Kurasakan pelupuk mataku sudah uali basah, selain Orion, Cia adalah orang yang sangat kusayangi. Tak tahan berprasangka buruk pada sahabatku sendiri aku pun bangun dan meraih ponselku ada notifikasi chat dari Orion. Niatku yang tadinya ingin menghubungi Cia malah keterusan berbalas chat dengan Orion.
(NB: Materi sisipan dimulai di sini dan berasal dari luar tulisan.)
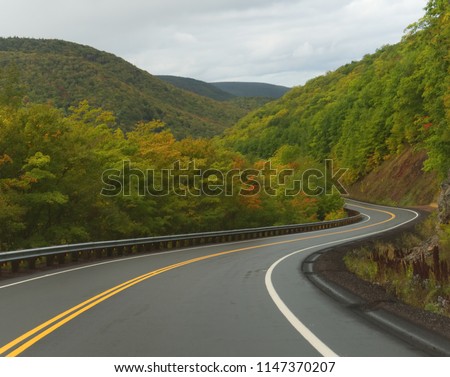 Driving Windy Road Along the Cabot Trail in Autumn        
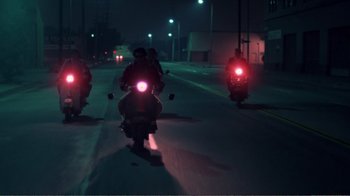 Movie still from “Repo Man” (1984), directed by Alex Cox – A group of people riding motorcycles down a street at night; Wide shot, Low angle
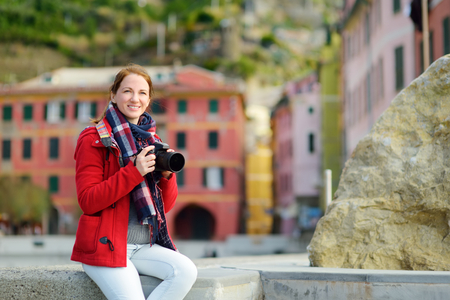 Young female tourist enjoying the view of Vernazza, one of the five centuries-old villages of Cinque Terre, located on rugged northwest coast of Italian Riviera, Liguria, Italy. Traveling off season.の写真素材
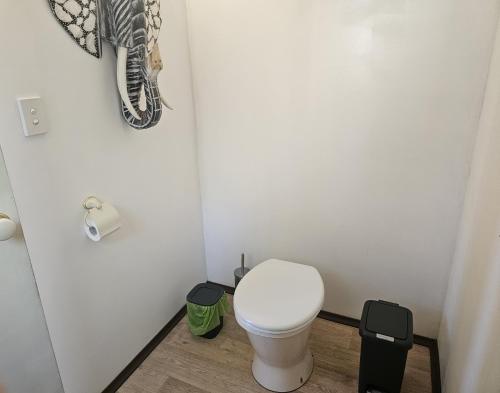 a small bathroom with a toilet in a room at Clouds Serenity in Beechmont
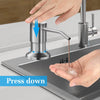 Hand pressing down on a stainless steel under-sink soap dispenser with an extension tube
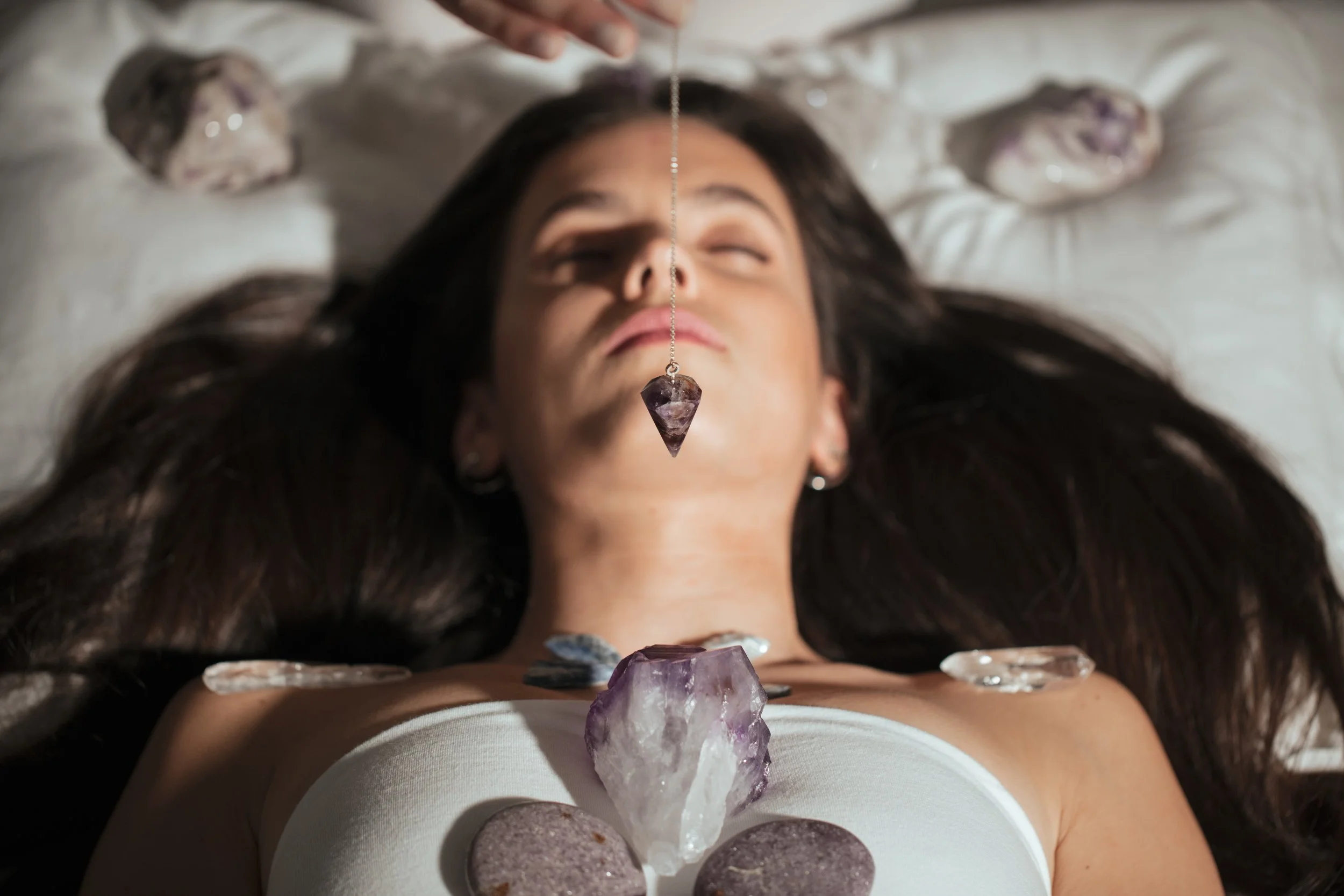 A woman lying down with her eyes closed, surrounded by various large crystals and stones, with one crystal hanging from a chain above her face.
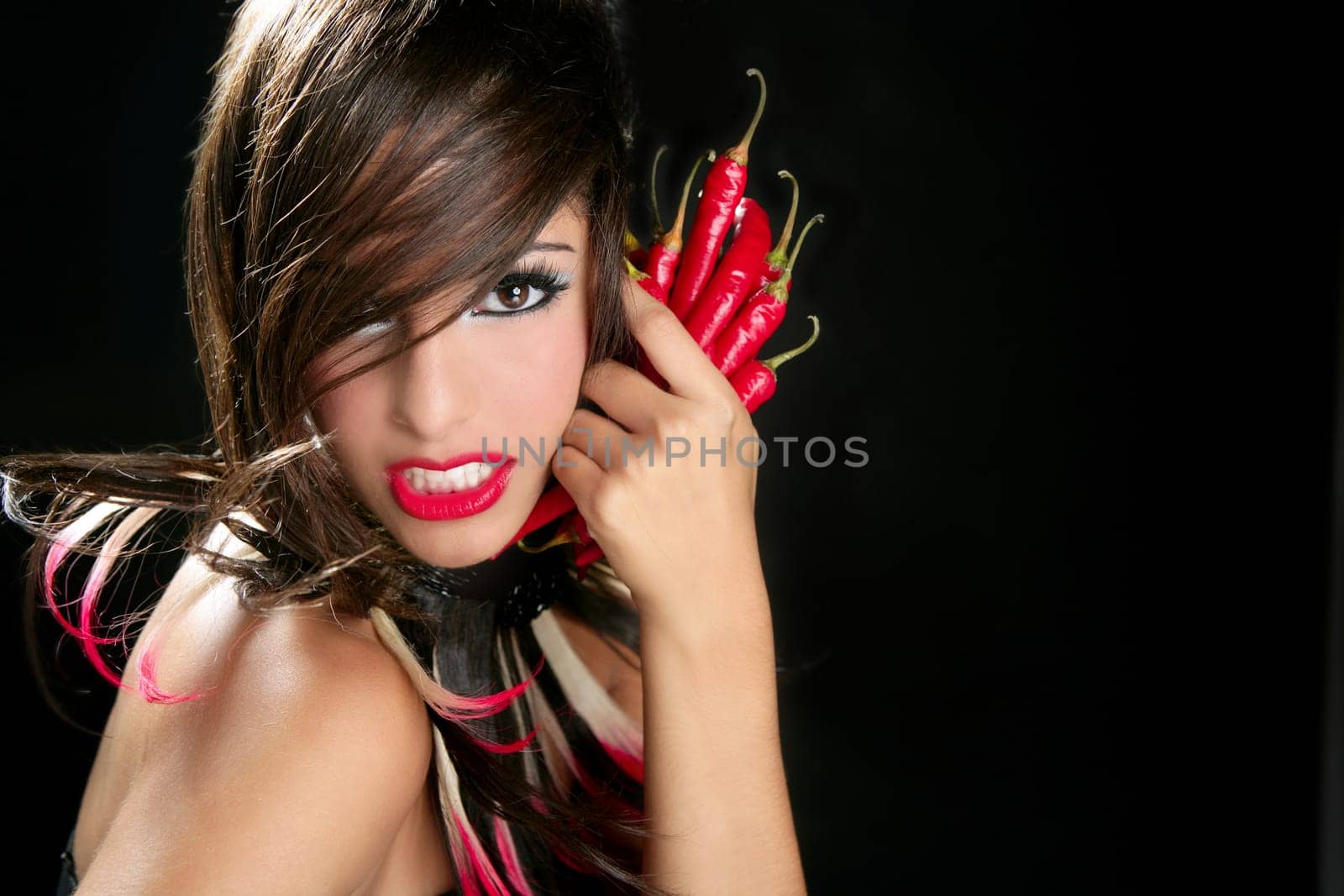 Attractive fashion brunette with red hot chili peppers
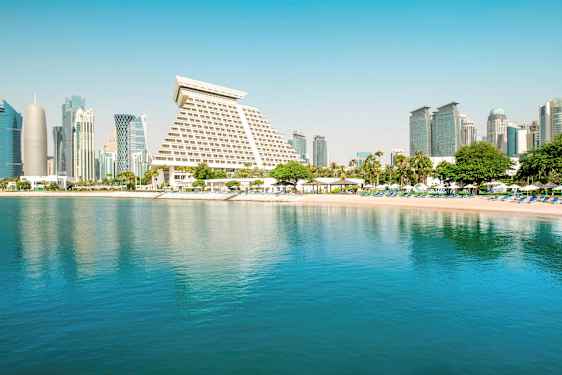 Bild av en stad med modern arkitektur vid en lugn strand och vatten. (AI-genererad text)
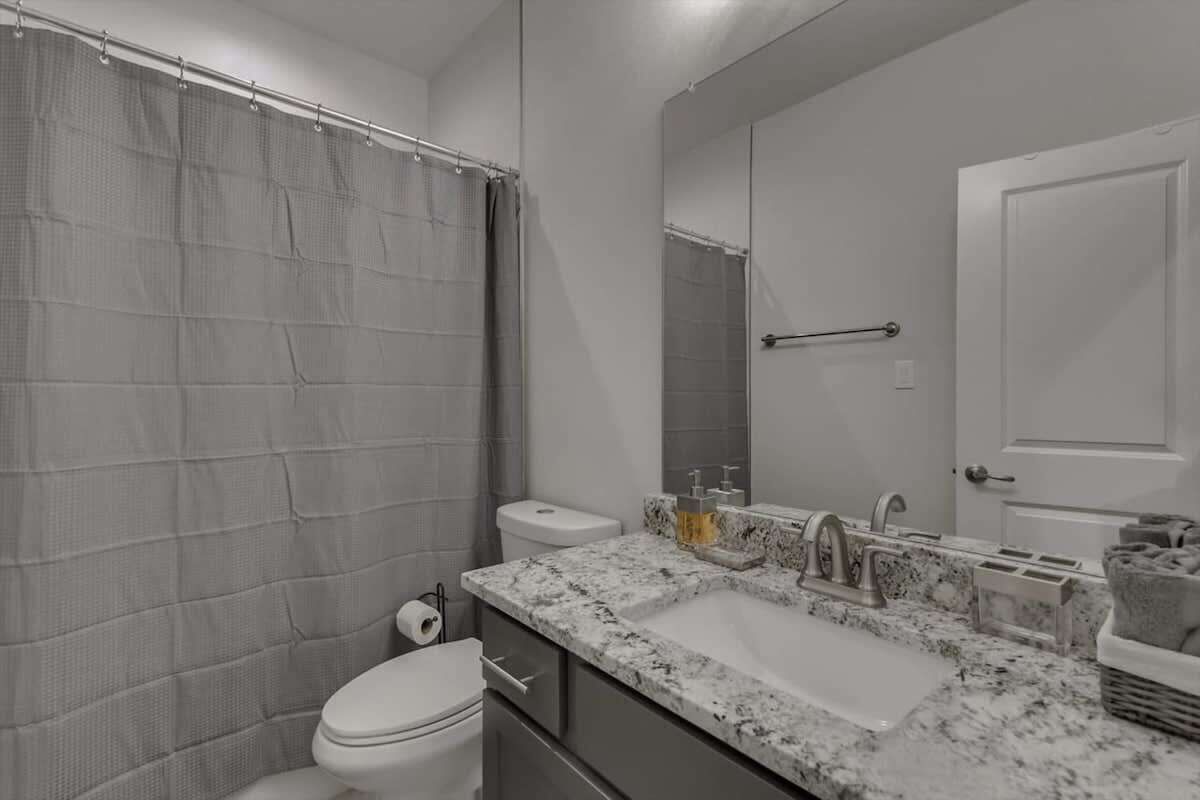 Bathtub, hair dryer, towels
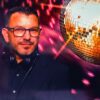 Mario Manni im Porträt neben einer Disco-Kugel
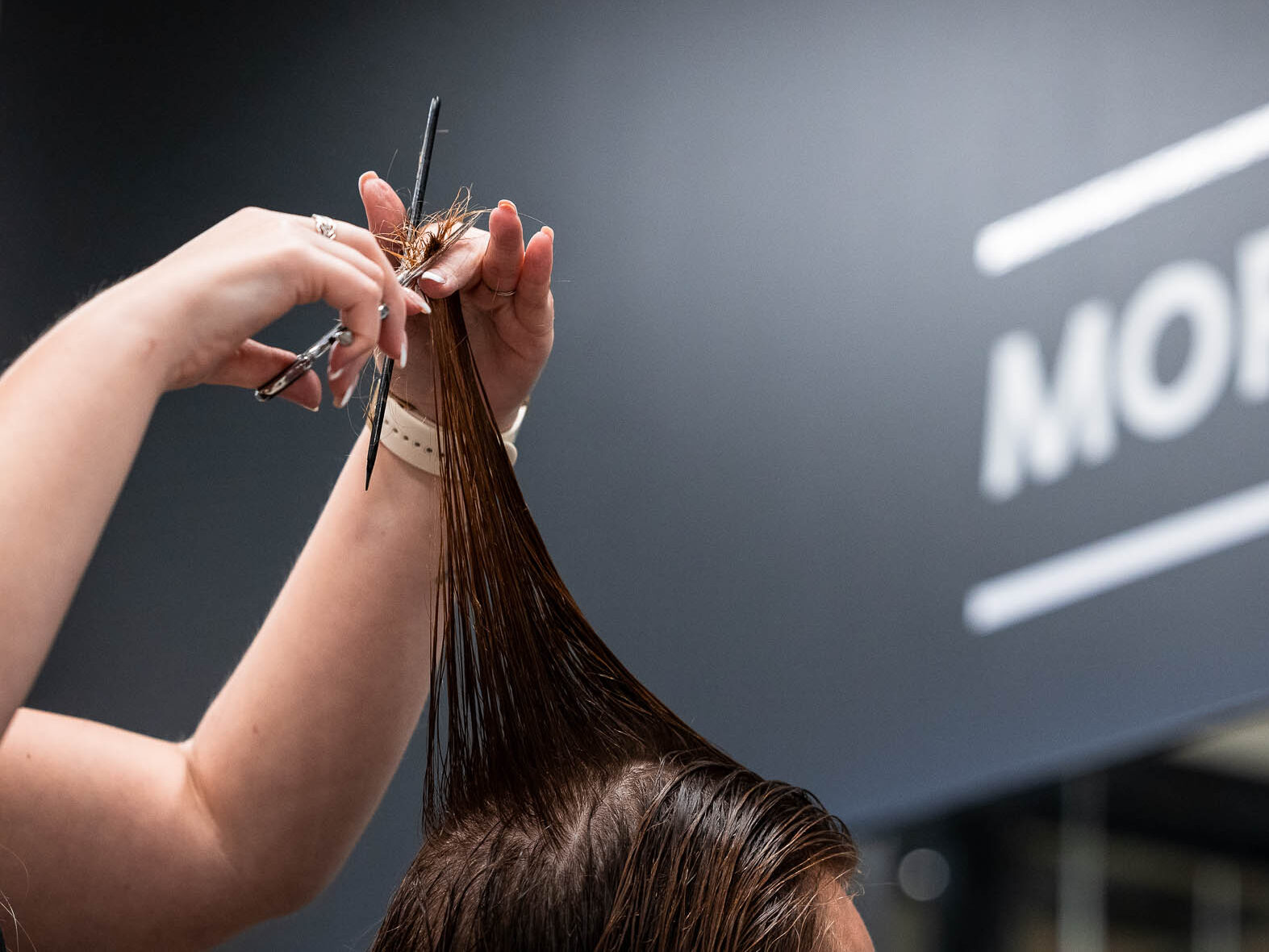 Lähikuva parturin käsistä leikkaamassa asiakkaan hiuksia saksilla, yksi hiussäie nostettuna ylös ja taustalla epäterävänä osa kylttiä, jossa lukee "MORE THAN A BARBER".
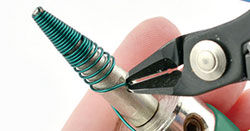 Flush cutter cutting the end of the wire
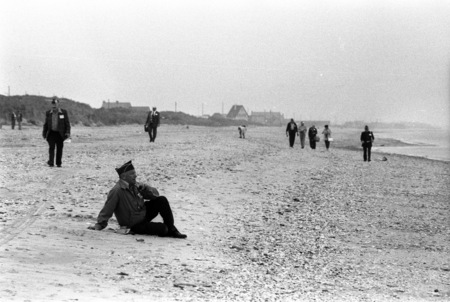A vet sits on Omaha Beach, 35 years after D-Day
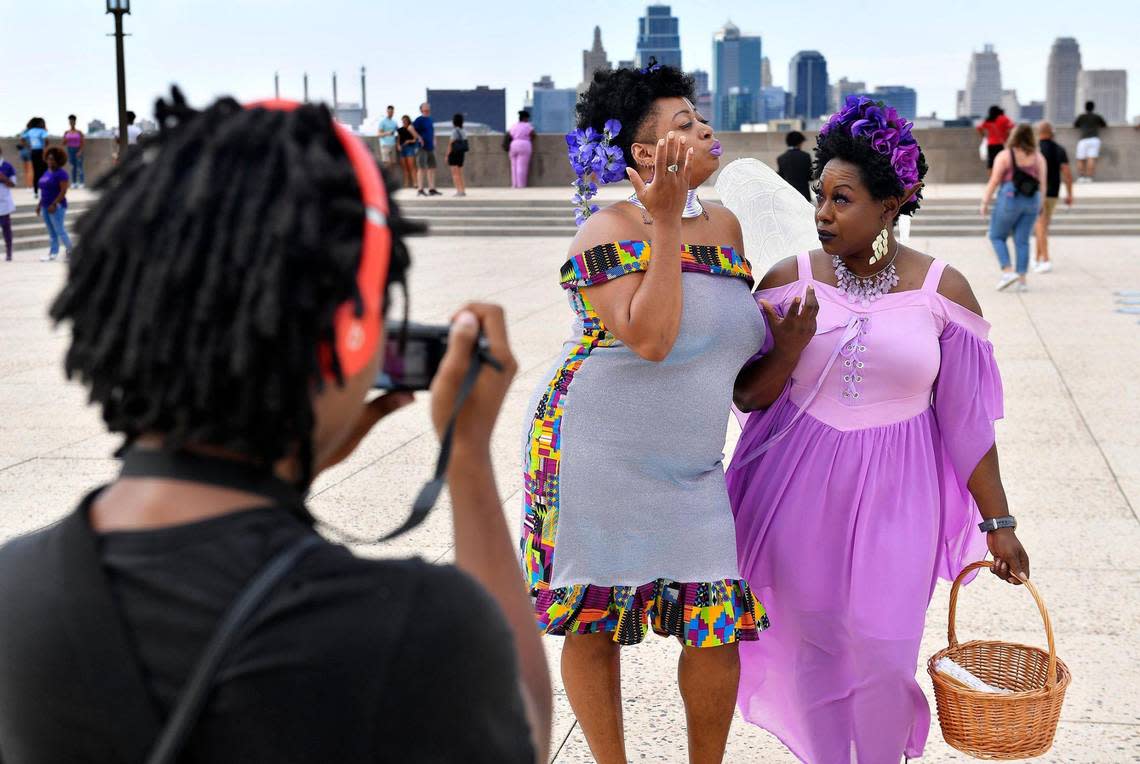 Missy Isamoore, left, and Diana Alexander strike a pose for a portrait by Daniel Alexander during the 6th Annual KC Curly Photoshoot, held in September at the Liberty Memorial.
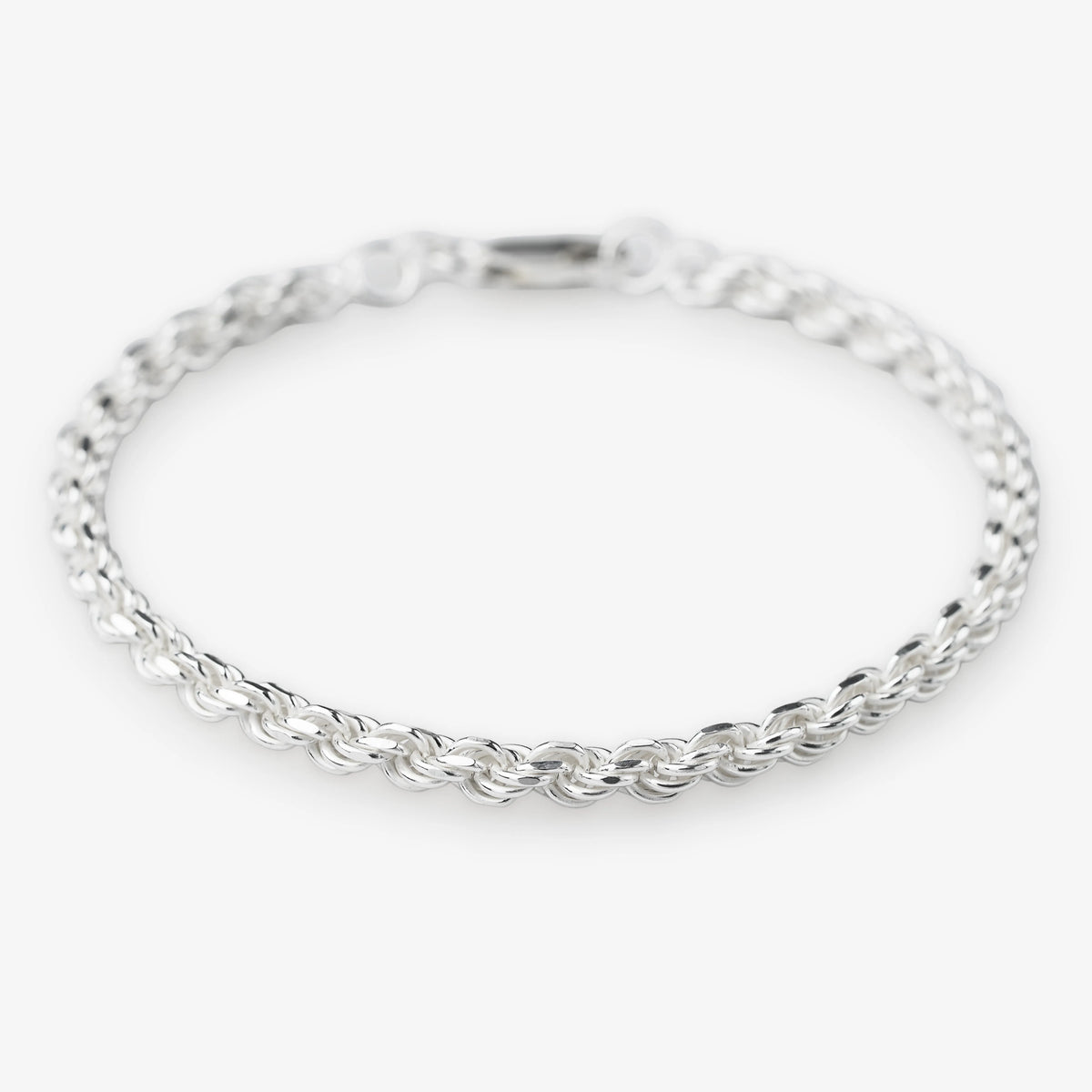 Sterling silver woven rope bracelet 925 silver on white background modern silver jewellery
Sampai akhirnya ucapan semoga mimpi indah dari Orion mengakhiri chat kami, aku mengeluh saat sadar jika aku belum menghubungi Cia sama sekali, malam sudah larut dan dia pasti sedang beristirahat. Sebaiknya besok pagi saja, besok juga adalah hari minggu.

----

''Medina bangun..''

Aku selalu bermimpi jika suatu saat nanti Orion akan degan sabar selalu membangunkanku di pagi hari. Aku tahu idealnya sebagai seorang perempuan yang harusnya membangunan Orion, tapi kan saat menikah nanti dia harusnya bisa sedikit memaklumi keinginanku itu. Ahh aku tidak ingin Orion melakukannya karena keinginanku, tapi karena dia bisa memahamiku.

''Bangun Din.''

Seperti mimpuku yang sekarang ini, Orion yang sudah rapi sehabis mandi masih saja berusaha untuk membuatku sadar. Usapannya di bahuku bahkan terasa nyata.

Kurasakan udara hangat di sekitar leherku, dengan refleks ku eratkan rangkulan pada bantal gulingku yang terasa lebih kecil dan keras.

''Bangun atau aku gendong kamu ke kamar mandi.''

Mataku langsung terbuka dengan lebar dan... Astaga, ternyata yang kupeluk itu lengannya Orion, bukan bantal guling pantas saja aku merasa bila bantal gulingku tidak seempuk biasanya. Rangkulanku pada lengan Orion melemah dan dia pun segera bangkit dan berdiri dengan tegak di depanku.

Ada banyak hal yang muncul dalam pikiranku saat mendapati Orion di dalam kamarku, namun yang ada aku malah kesulitan berpikir hingga tak tahu apa yang sebenarnya sudah kupikirkan tadi.